WHAT THE TASK REQUIRES -> Once "Used 2017 Kia" turns up in a line below, reproduce that line and those after it exactly, stopping after the line with "One Touch Removal Pty Ltd"; leave pictures out.
-- EXTRACTED INFORMATION follows --
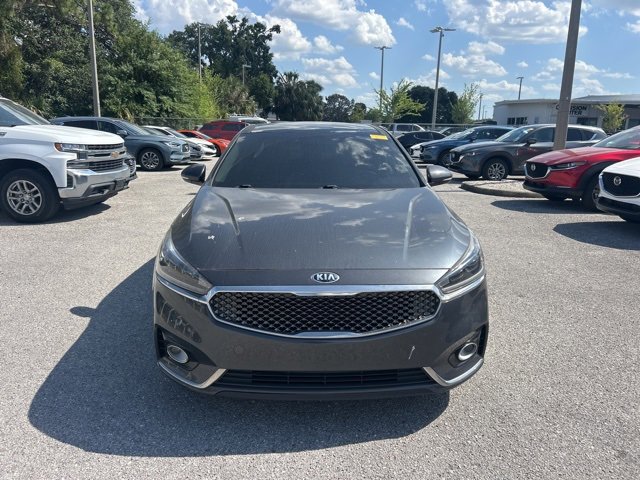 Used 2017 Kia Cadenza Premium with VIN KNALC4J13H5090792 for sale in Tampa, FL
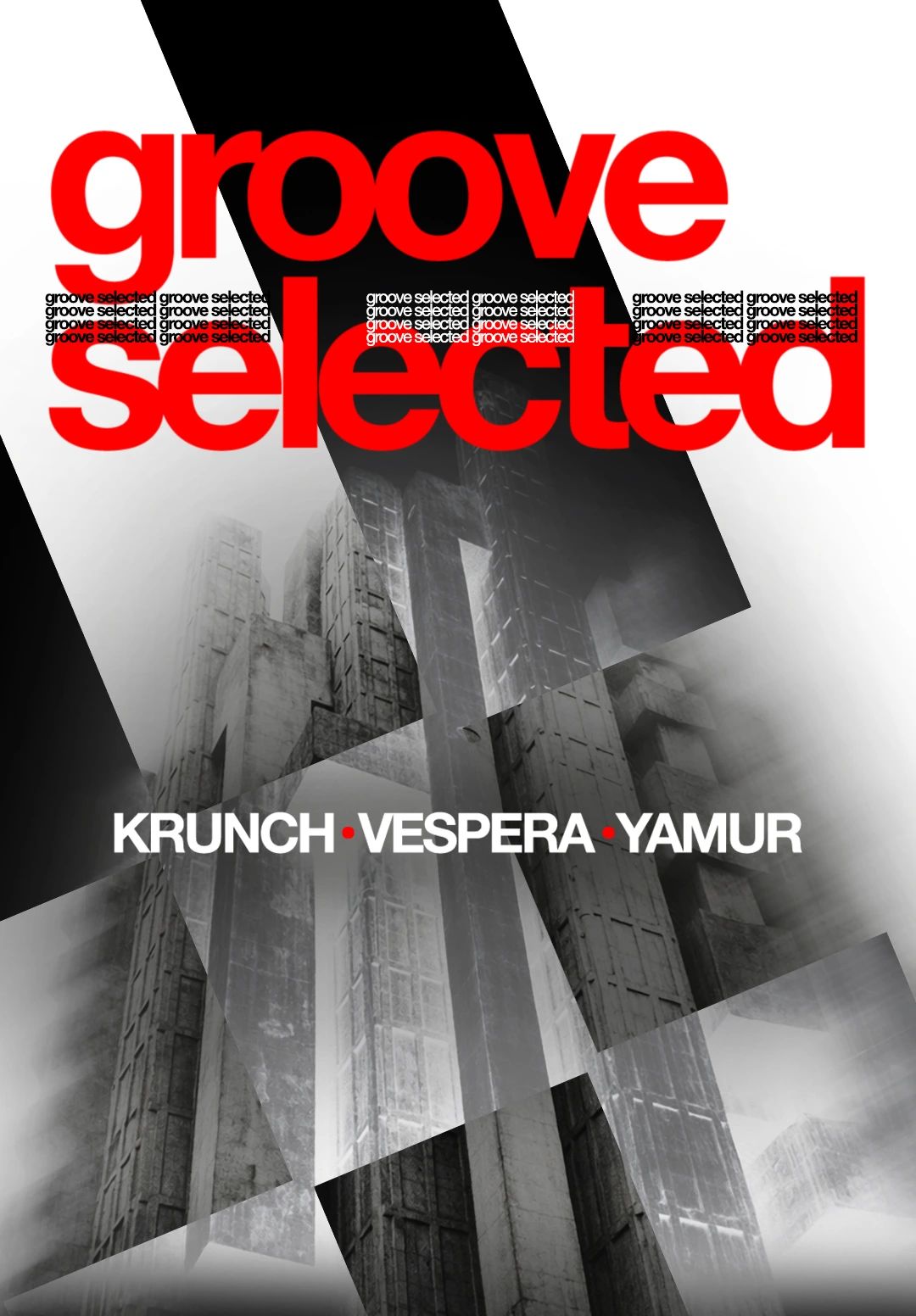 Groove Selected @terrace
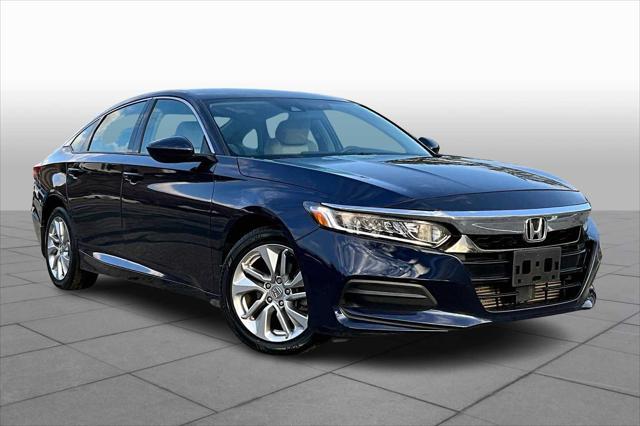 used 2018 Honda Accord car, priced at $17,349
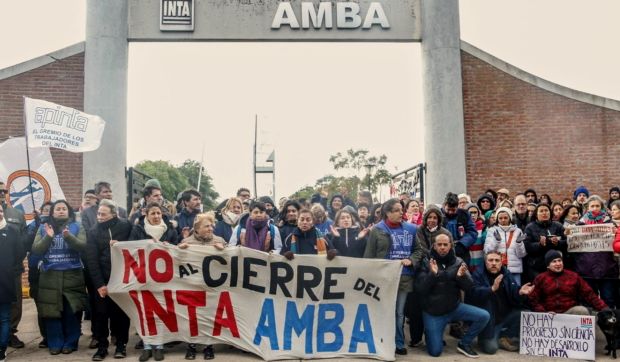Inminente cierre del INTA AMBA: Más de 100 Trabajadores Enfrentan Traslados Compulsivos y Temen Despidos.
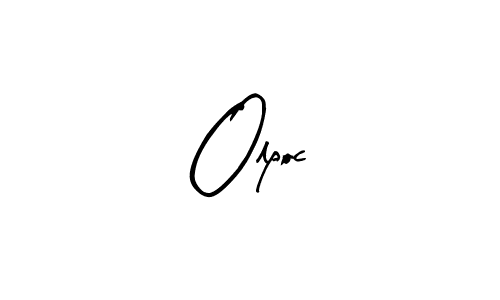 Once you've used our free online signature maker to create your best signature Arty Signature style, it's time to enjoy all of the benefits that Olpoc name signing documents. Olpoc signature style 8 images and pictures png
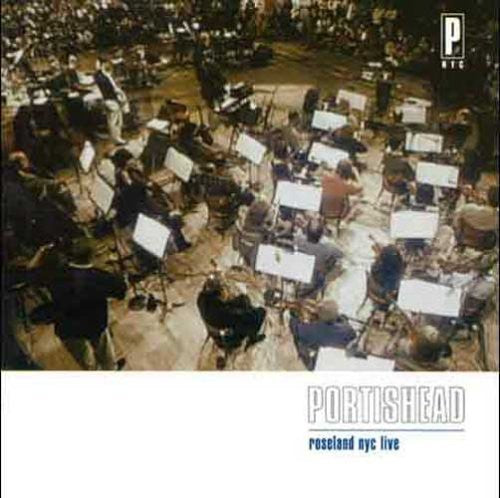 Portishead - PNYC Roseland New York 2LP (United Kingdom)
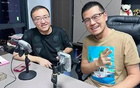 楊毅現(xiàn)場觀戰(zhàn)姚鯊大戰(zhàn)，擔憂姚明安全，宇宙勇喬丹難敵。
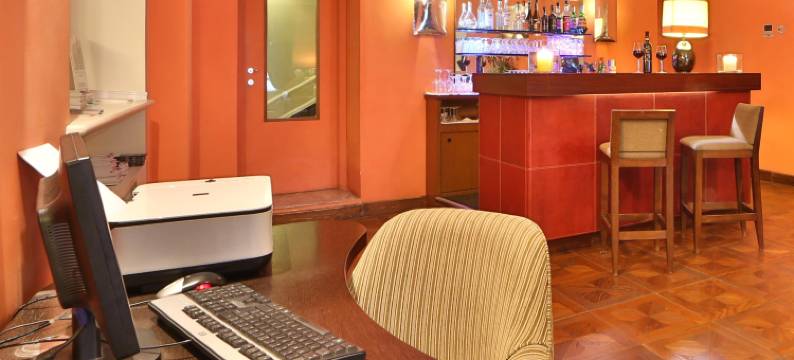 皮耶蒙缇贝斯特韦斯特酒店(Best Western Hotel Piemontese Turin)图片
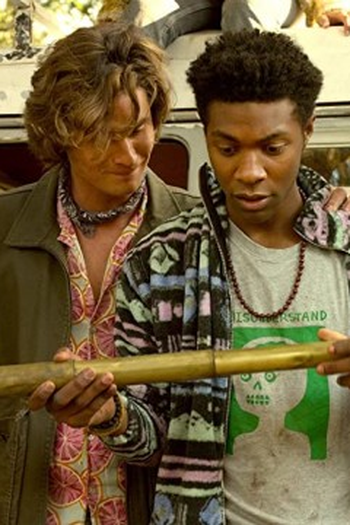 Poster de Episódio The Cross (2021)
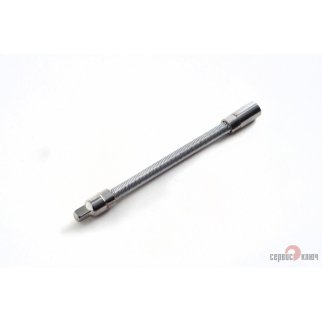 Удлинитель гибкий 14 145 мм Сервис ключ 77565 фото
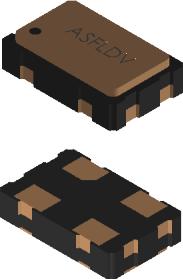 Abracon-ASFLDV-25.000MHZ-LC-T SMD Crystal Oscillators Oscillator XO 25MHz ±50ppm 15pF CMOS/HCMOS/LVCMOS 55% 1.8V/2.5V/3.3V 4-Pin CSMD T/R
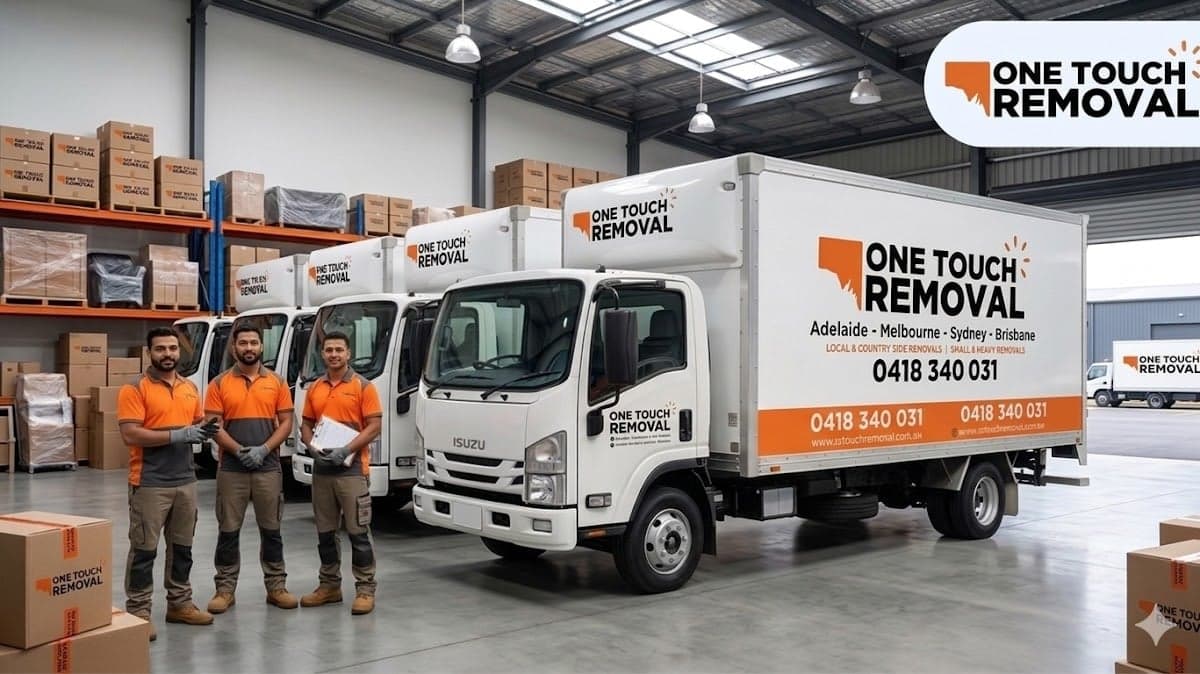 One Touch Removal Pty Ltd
-- EXTRACTED INFORMATION concluded --
-- EXTRACTED INFORMATION follows --
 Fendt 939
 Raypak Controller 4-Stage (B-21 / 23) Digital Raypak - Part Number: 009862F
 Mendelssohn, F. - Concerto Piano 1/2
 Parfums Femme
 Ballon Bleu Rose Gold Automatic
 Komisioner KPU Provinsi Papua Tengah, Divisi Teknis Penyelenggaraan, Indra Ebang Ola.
-- EXTRACTED INFORMATION concluded --
-- EXTRACTED INFORMATION follows --
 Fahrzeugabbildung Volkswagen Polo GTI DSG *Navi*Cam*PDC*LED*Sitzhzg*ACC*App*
-- EXTRACTED INFORMATION concluded --
OUTPUT ->
 Used 2017 Kia Cadenza Premium with VIN KNALC4J13H5090792 for sale in Tampa, FL
 Groove Selected @terrace
 used 2018 Honda Accord car, priced at $17,349
Inminente cierre del INTA AMBA: Más de 100 Trabajadores Enfrentan Traslados Compulsivos y Temen Despidos.
 Once you've used our free online signature maker to create your best signature Arty Signature style, it's time to enjoy all of the benefits that Olpoc name signing documents. Olpoc signature style 8 images and pictures png
 Portishead - PNYC Roseland New York 2LP (United Kingdom)
 楊毅現(xiàn)場觀戰(zhàn)姚鯊大戰(zhàn)，擔憂姚明安全，宇宙勇喬丹難敵。
 皮耶蒙缇贝斯特韦斯特酒店(Best Western Hotel Piemontese Turin)图片
 Poster de Episódio The Cross (2021)
 Удлинитель гибкий 14 145 мм Сервис ключ 77565 фото
 Abracon-ASFLDV-25.000MHZ-LC-T SMD Crystal Oscillators Oscillator XO 25MHz ±50ppm 15pF CMOS/HCMOS/LVCMOS 55% 1.8V/2.5V/3.3V 4-Pin CSMD T/R
 One Touch Removal Pty Ltd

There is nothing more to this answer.